◆ EXERCISE PROMPT
Extract, word for word, each line from the line holding "A White Stallion" through the end of the records. Omit every picture.

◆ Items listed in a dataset

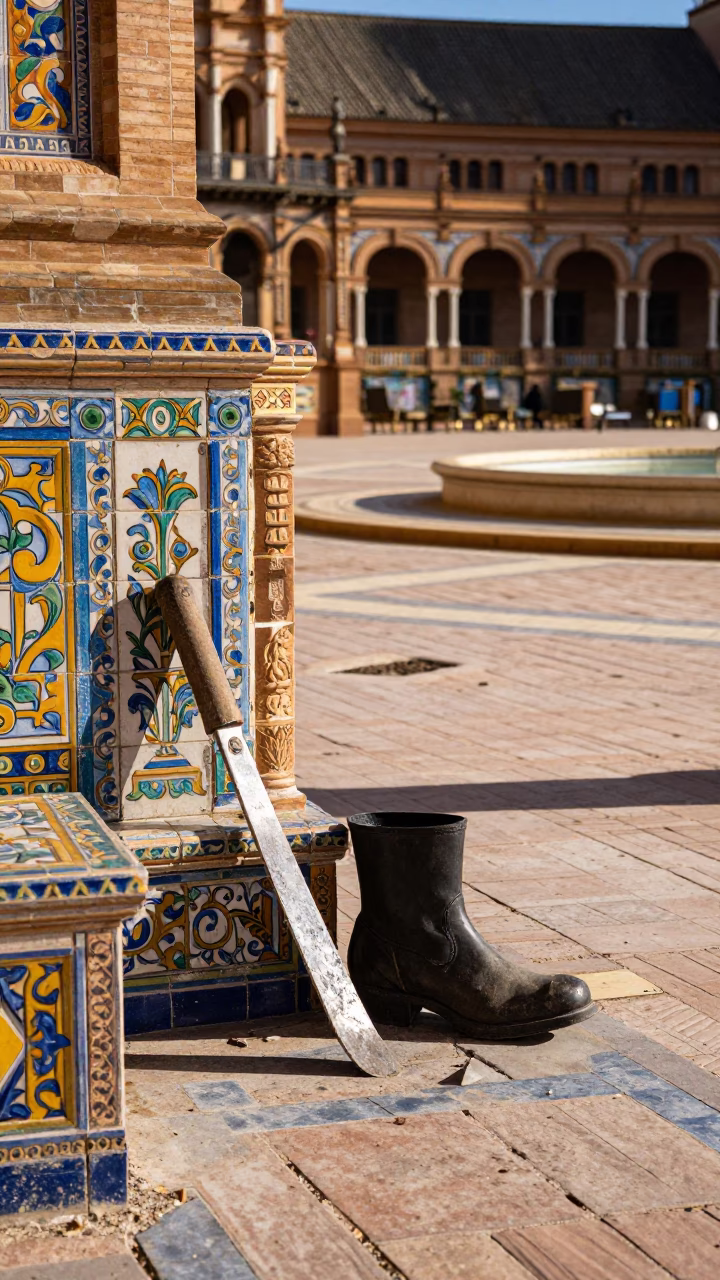 Winter Noon Sunlight on Seville Plaza with Boot Scraper and Urban Life in in Seville, Spain
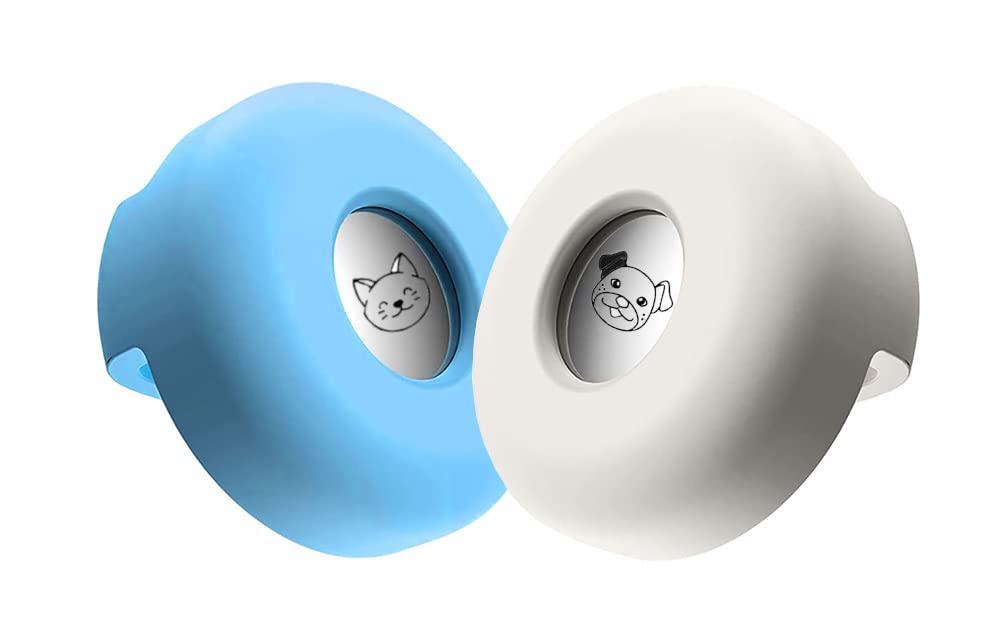 Air-tag Collar (2 Pack), Premium Silicone Pet Collar Case for Apple GPS Tracking, Anti-Loss Apple GPS Case Holder Compatible with Cat Dog Collars Charms & Collar Tag Backpack (Blue/White)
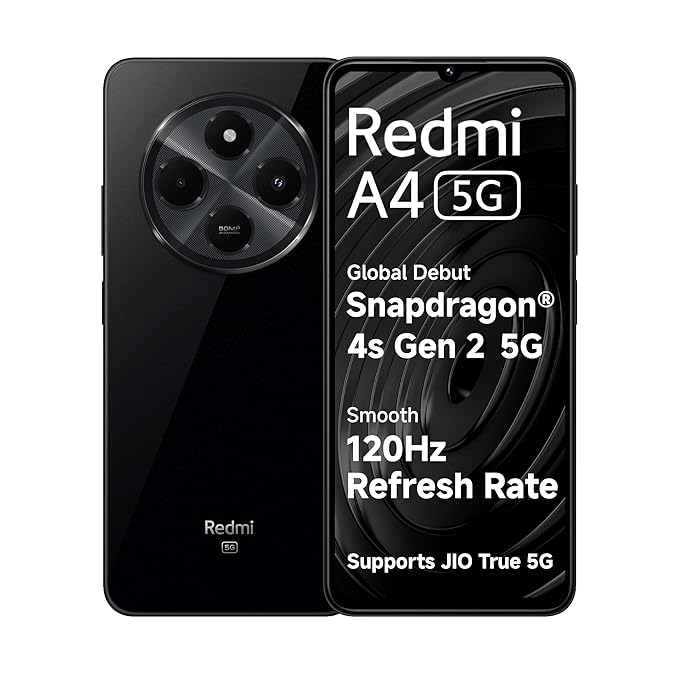 Redmi A4 5G (Starry Black, 4GB RAM, 64GB Storage) | Global Debut SD 4s Gen 2 | Segment Largest 6.88in 120Hz | 50MP Dual Camera | 18W Fast Charging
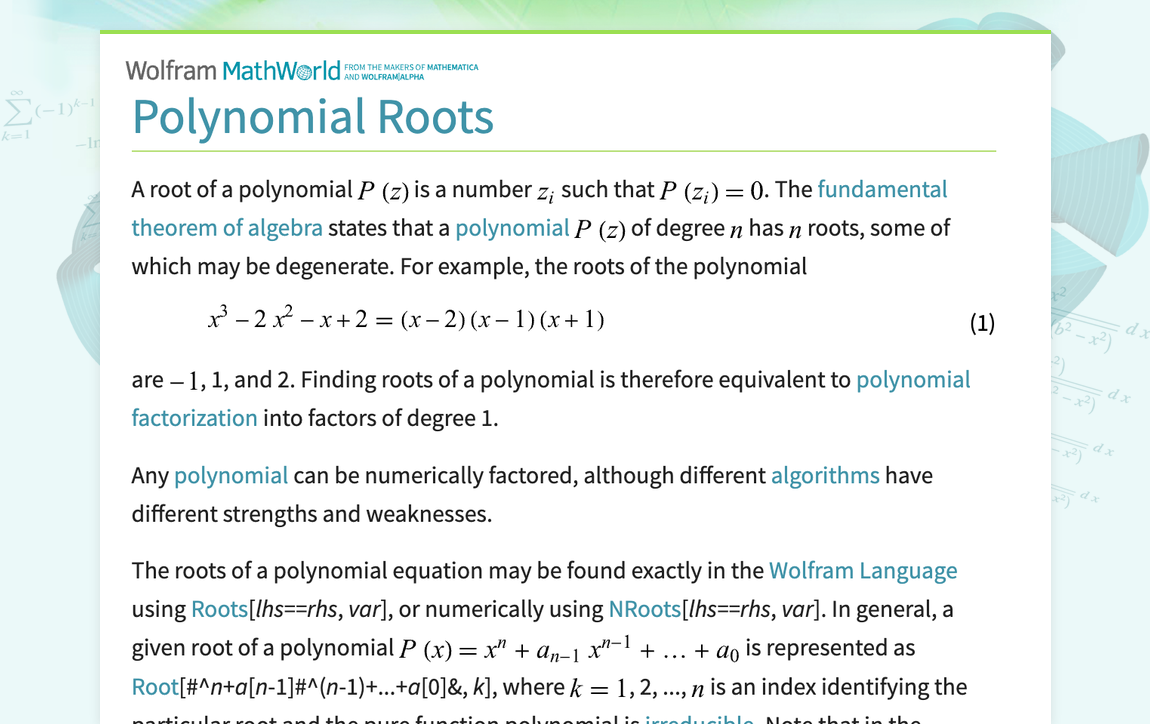 find roots of polynomial wolfram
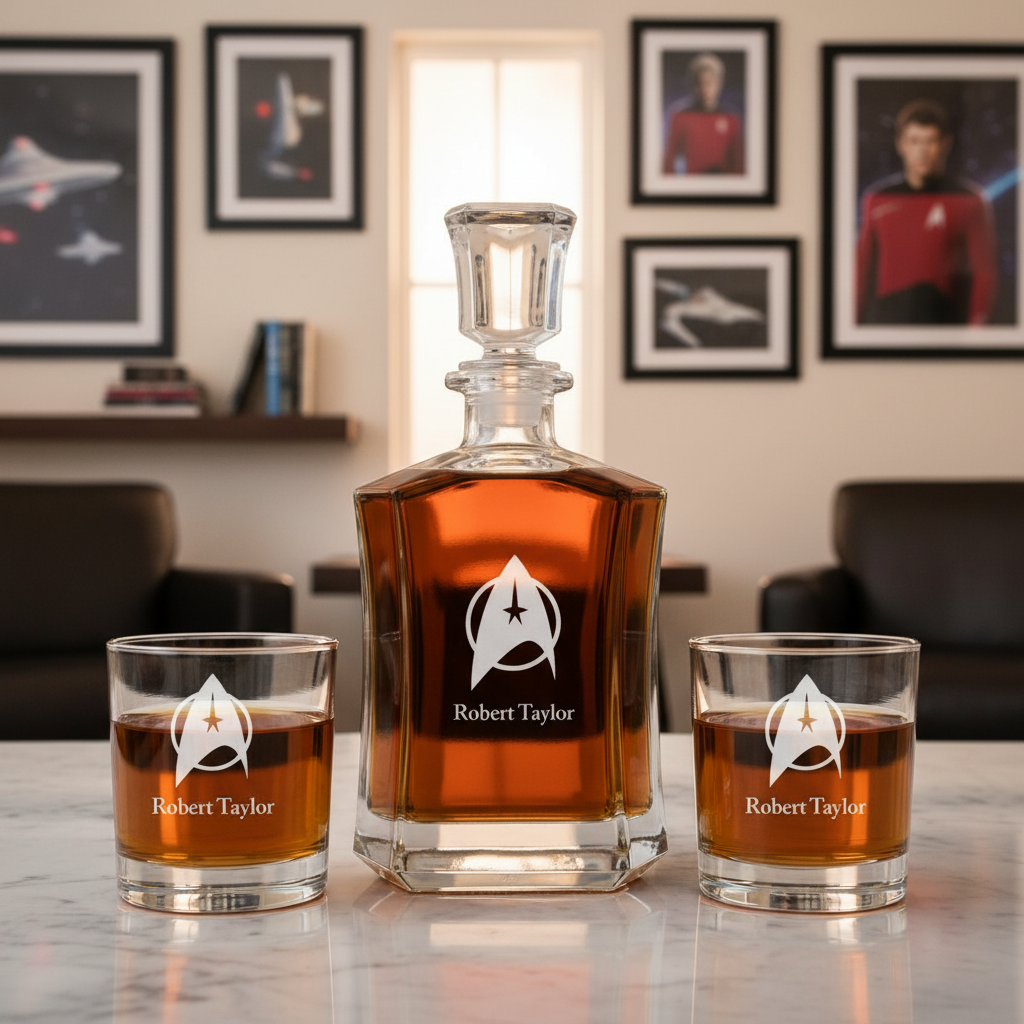 Star Trek Emblem - Custom Decanter Set - Personalized Crown Decanter Set with Whiskey Glasses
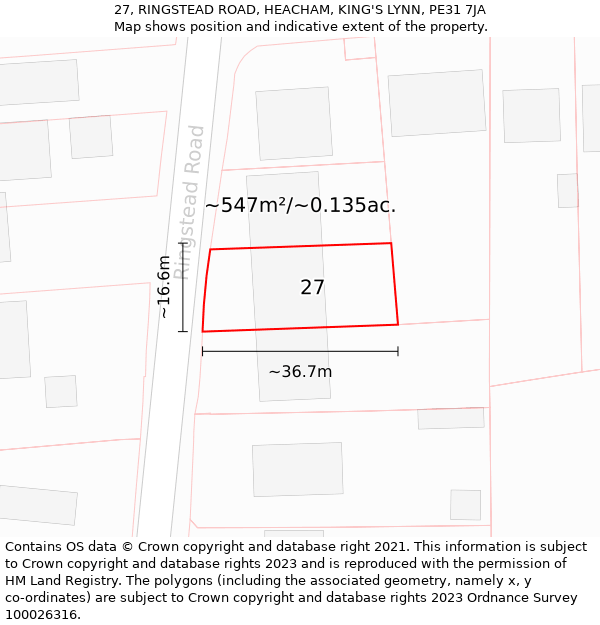 27, RINGSTEAD ROAD, HEACHAM, KING'S LYNN, PE31 7JA: Plot and title map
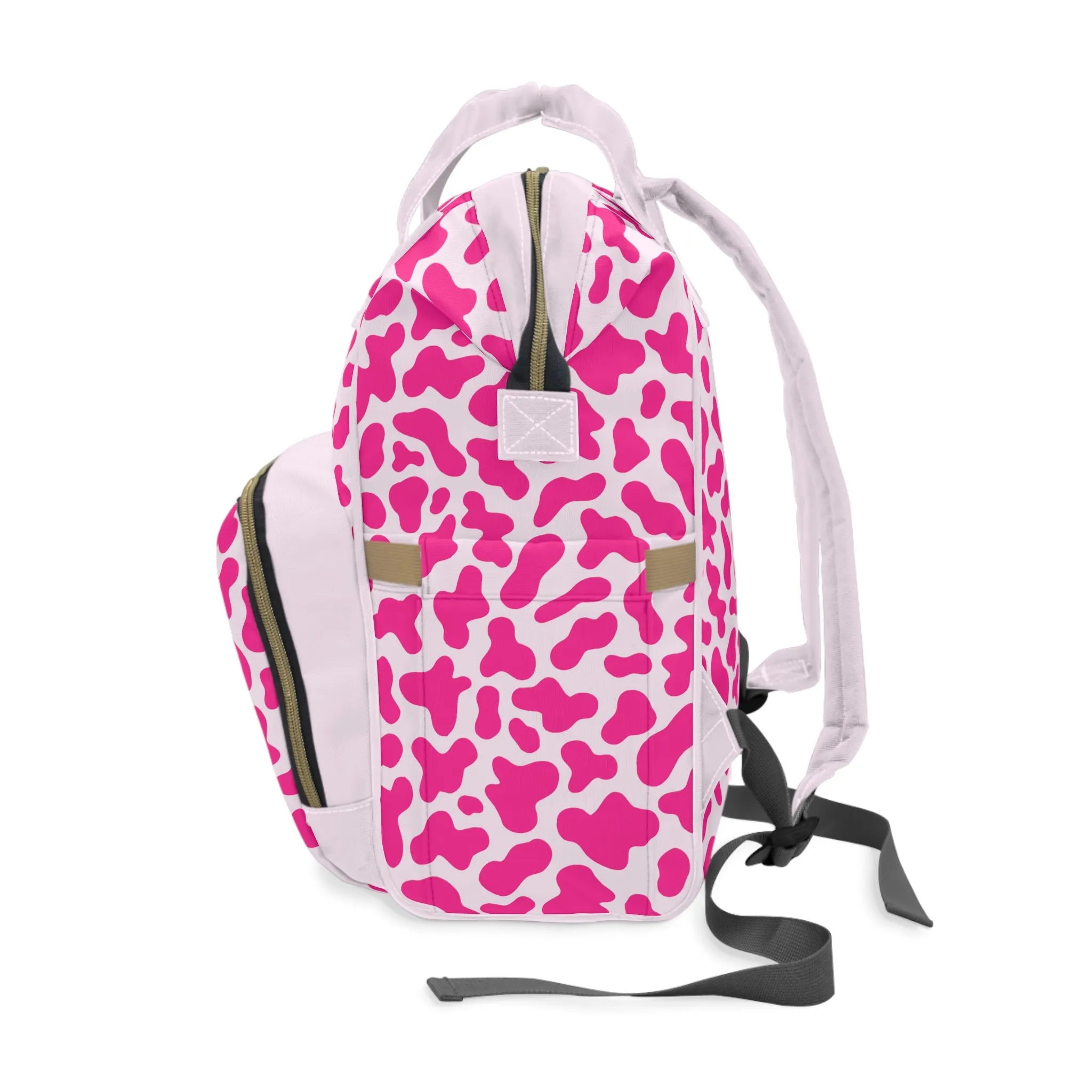 Trendy Cow Print Diaper Backpack - Durable Baby Bag with Unique Cow Pattern, Spacious Nappy Bag for Fashion-Forward Parents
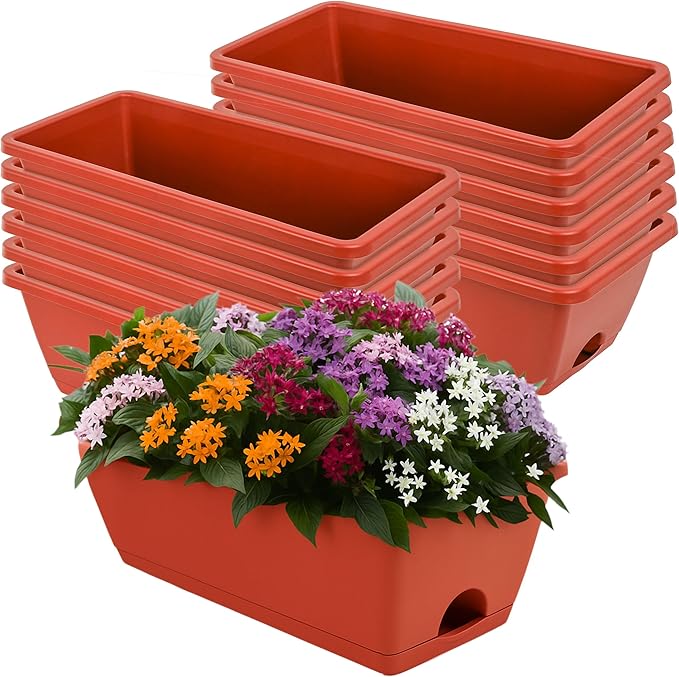 Window Box Planter, 12 Pack Plastic Vegetable Flower Planters Boxes 17 Inches by LOCONHA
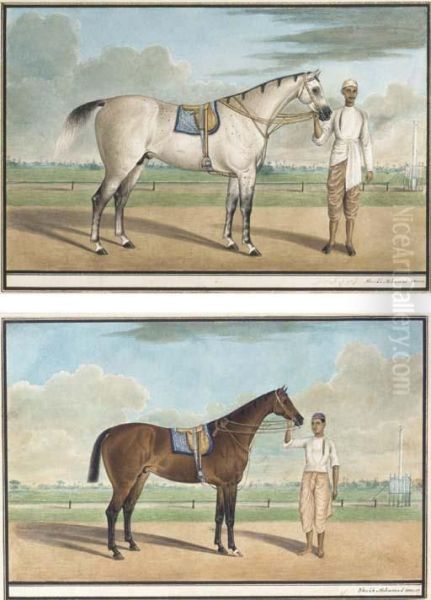A White Stallion With A Groom; And A Bay Horse With Groom - view 1
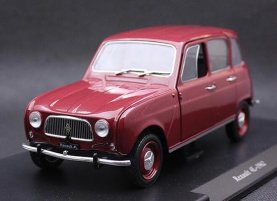 1:24 Wine Red WhiteBox Diecast 1962 Renault 4L Car Model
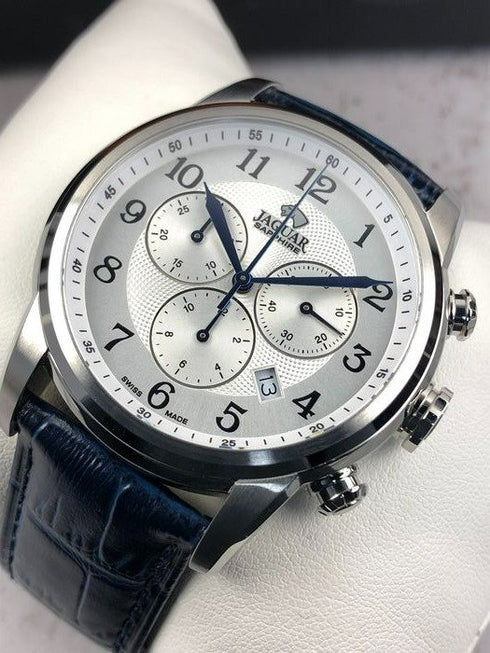 JAGUARJaguar J968/4 Men's Acamar Chronograph Watch - Stainless Steel Case, Blue Leather StrapWATCHESEcecile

◆ SOLUTION
A White Stallion With A Groom; And A Bay Horse With Groom - view 1
 1:24 Wine Red WhiteBox Diecast 1962 Renault 4L Car Model
 JAGUARJaguar J968/4 Men's Acamar Chronograph Watch - Stainless Steel Case, Blue Leather StrapWATCHESEcecile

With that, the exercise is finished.